C'était la nuit, après glissé dans le tunnel et avoir été traversé par des champs magnétiques. Je suis revenu sur la parking. Il était vide, il était sans lumière. J'ai suivi la pente. C'était une autre route encore pour revenir. Soudain, devant, des lumières, en points, en taches, comme une prairie : la ville sans visage, tout entière, devenue tableau, et c'était tout de suite une danse avec une autre image, celle d'un film, où une autre ville, plus vaste et plus jeune, avec si peu de beautés au jour, est découverte dans la nuit ainsi, et la joie du souvenir de ce film, si libre.
Tristan Mat
Mon dernier emerveillement remonte à hier.

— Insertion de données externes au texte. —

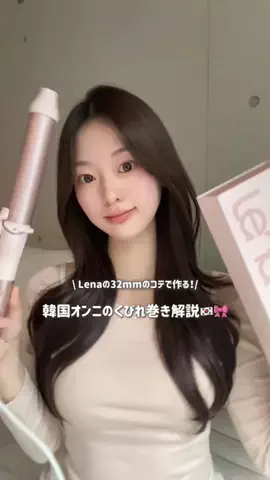 𝗸𝗮𝗻𝗮𝗻 카난のTikTok投稿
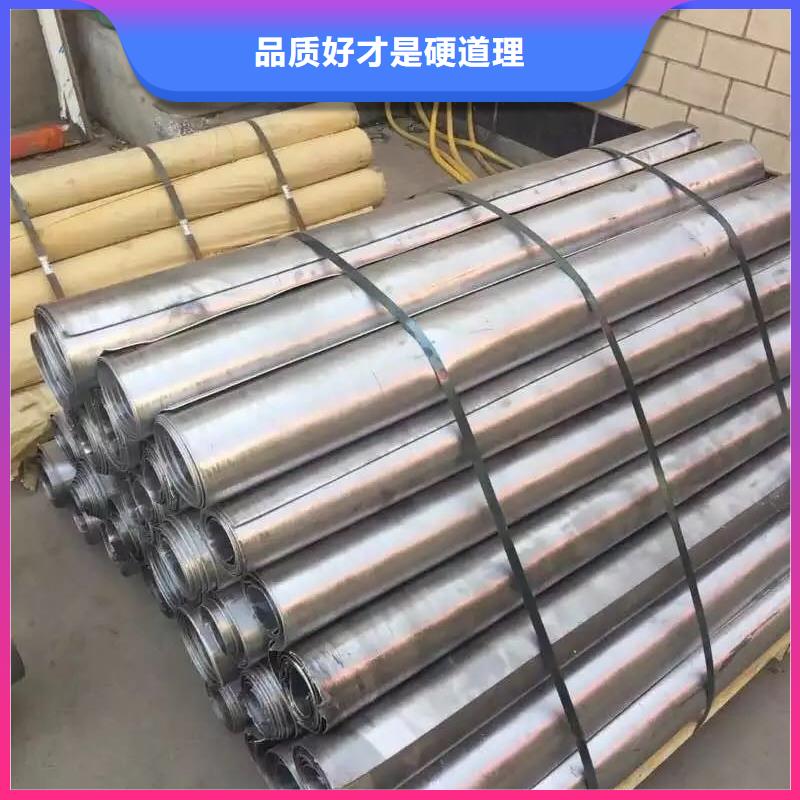 崆峒|崇信|陇南|天水|嘉峪关|庆阳|武威铅板_【铅丝厂家】细节决定成败生产厂家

J'étais dans les sous bois avec mon ami et je m'emerveillais de tous les champignons présents à voix haute " Regarde ! Lui, trop beau ! Et là, tout ce qu'il y a ! C'est fou !
Puis j'ai ri en imaginant quelqu'un me suivre et qu'en m'ecoutant il pense découvrir un superbe coin à champignons... Alors qu'il n'y en avait aucun de comestible 😂
Sinon j'ai beaucoup aimé te suivre dans ton texte, le moment où tu developpes le business de l'émerveillement - on s'y croirait !- pour finalement revenir à la flaque du début 🙂.